ENG 380 Literary Style

Instructor: E. Tawil
CRN: 24762, Fall 2017
W 1650-1930

This seminar will focus on the fascinating but somewhat murky idea of “style” in literature.  Often described as the how rather than the what of writing, the notion of style as a particular feature of literary texts is an attempt describe how different artists can use the same basic materials (for example, the same lexicon, genre conventions, character types, or basic plot points) and yet put these common elements together in a unique way.  This principle of style is easier to recognize than to define.  We know when we are in the presence of a distinctive style (think of famous literary stylists like Ernest Hemingway or William Faulkner), but to define it clearly is a different matter.  In this class, we will look at a broad range of literary examples (from the Renaissance to the twentieth century), as well as some works of criticism that have attempted to theorize style (D.A. Miller’s Jane Austen, or The Secret of Style, Edward Said’s On Late Style among others).  

This course fulfills the advanced seminar requirement for majors in English, but is open to students across the divisions (space permitting).

ENG 380 The Politics of Television

Instructor: J. Burges
CRN: 26310, Fall 2017
TR 1815-1930

In this class, we will explore the politics of television from three primary directions.
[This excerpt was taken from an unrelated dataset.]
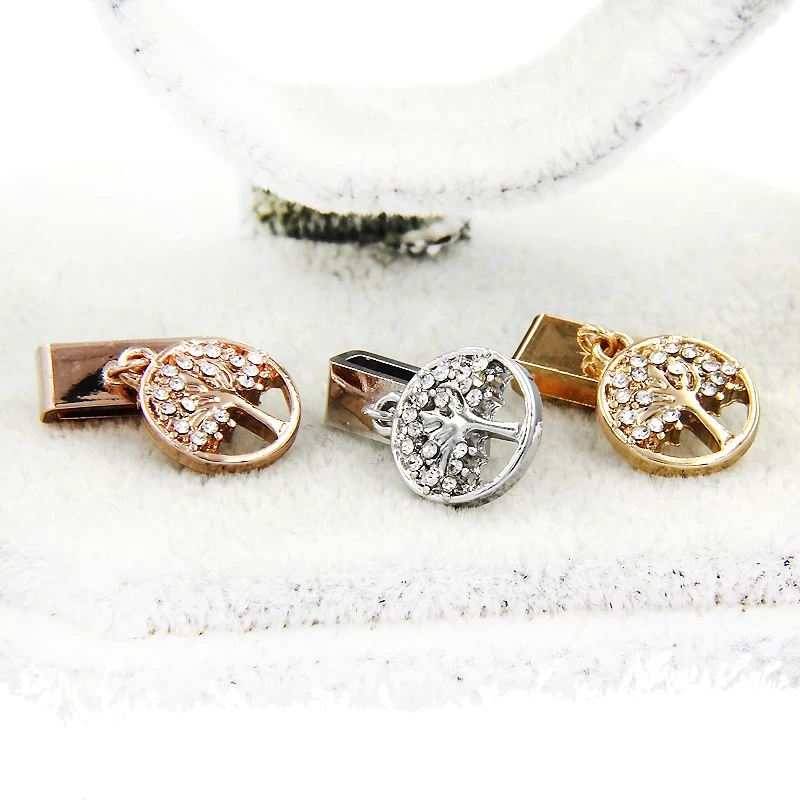 

YUKAM Jewelry Crystal Rhinestones Family Tree of Life Sliders Pendants Slide Charms Keeper for Mesh Bracelets Accessories Making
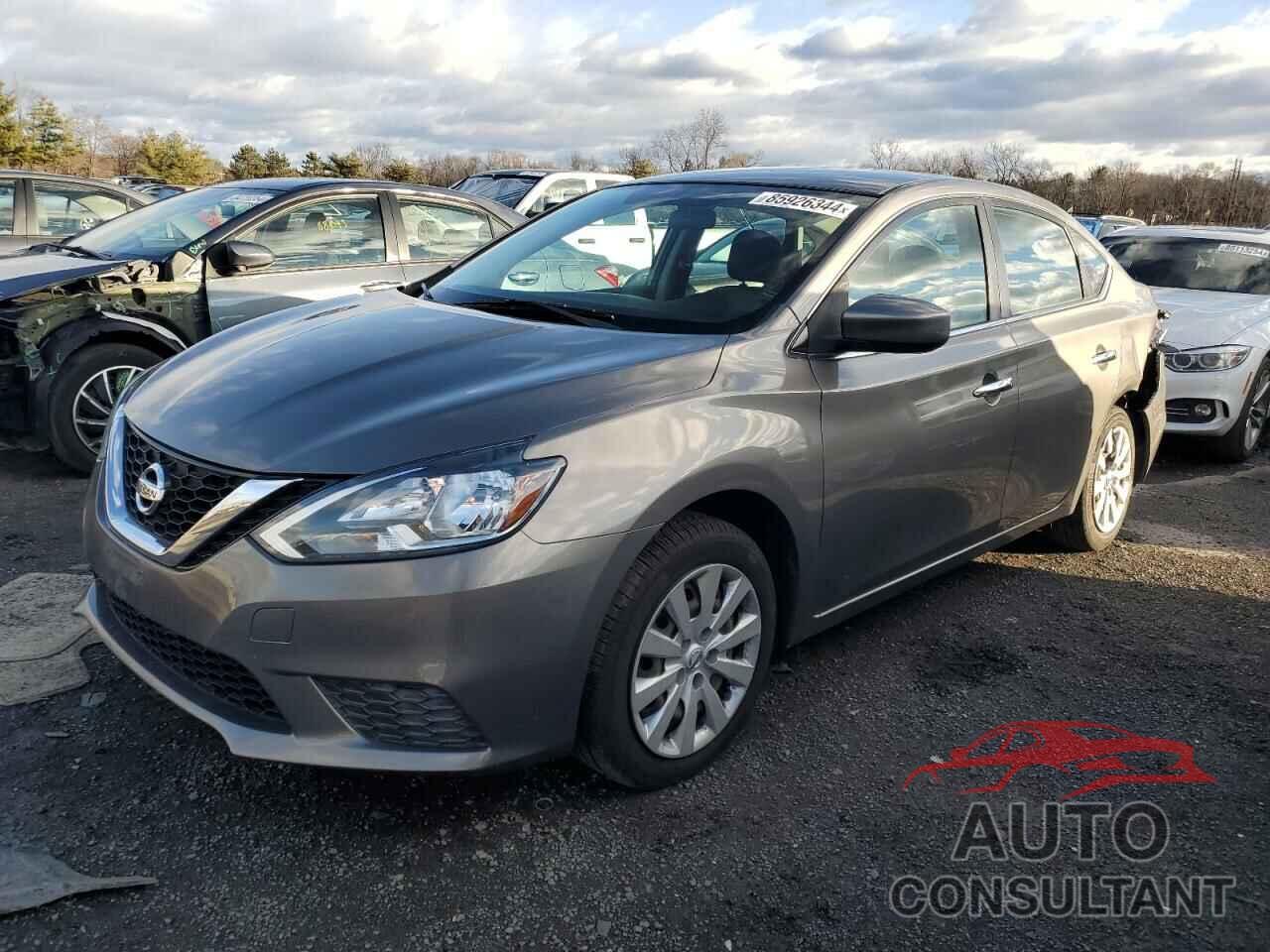 NISSAN SENTRA 2016 - 3N1AB7APXGL666060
First, we will look at traditional political programming such as news reporting, debates, morning shows, and late night satire alongside series such as The West Wing, Homeland, Occupied, and Law and Order. Second, we will explore the cultural politics of television, considering how it tackles issues of race, sexuality, and gender directly and indirectly across different genres of television. Finally, we will consider the relationship of television to political economy, asking how television functions as a culture industry; how it makes visible (or not) the relationship between the political and the economic in the stories it tells; and how it narrates class and capitalism in non-fiction and fiction television alike. Priority to junior and senior English majors, and to FMS majors. Email the instructor to inquire about enrollment.

ENG 380 Assimilating Literary Language

Instructor: D. Bleich
CRN: 24560, Spring 2017
TR 1105-1220

The seminar considers the extent to which people assimilate the language of literature into ordinary usage. As we read, language, fantasy, and thought in literature combine in a social and political gesture. For most literature, we remember stories and characters, but rarely words. Literary language acts on us mostly without our awareness. With attention to a variety of genres of fiction, poetry, drama, and popular song lyrics, the seminar estimates the social and political speech action of literary language. Seminar members are invited to re-use the language of the works on the reading list by placing this language in new contexts and then comparing the new usages with those experienced in reading. Works on the reading list, which raise issues of language action, suggest how such actions appear in any literature. Authors studied include Dickinson, Kafka, Lawrence, Morrison, Olds, Orwell, Pinter, and Shakespeare. Obscene language is considered as a model of how literary language is politically active.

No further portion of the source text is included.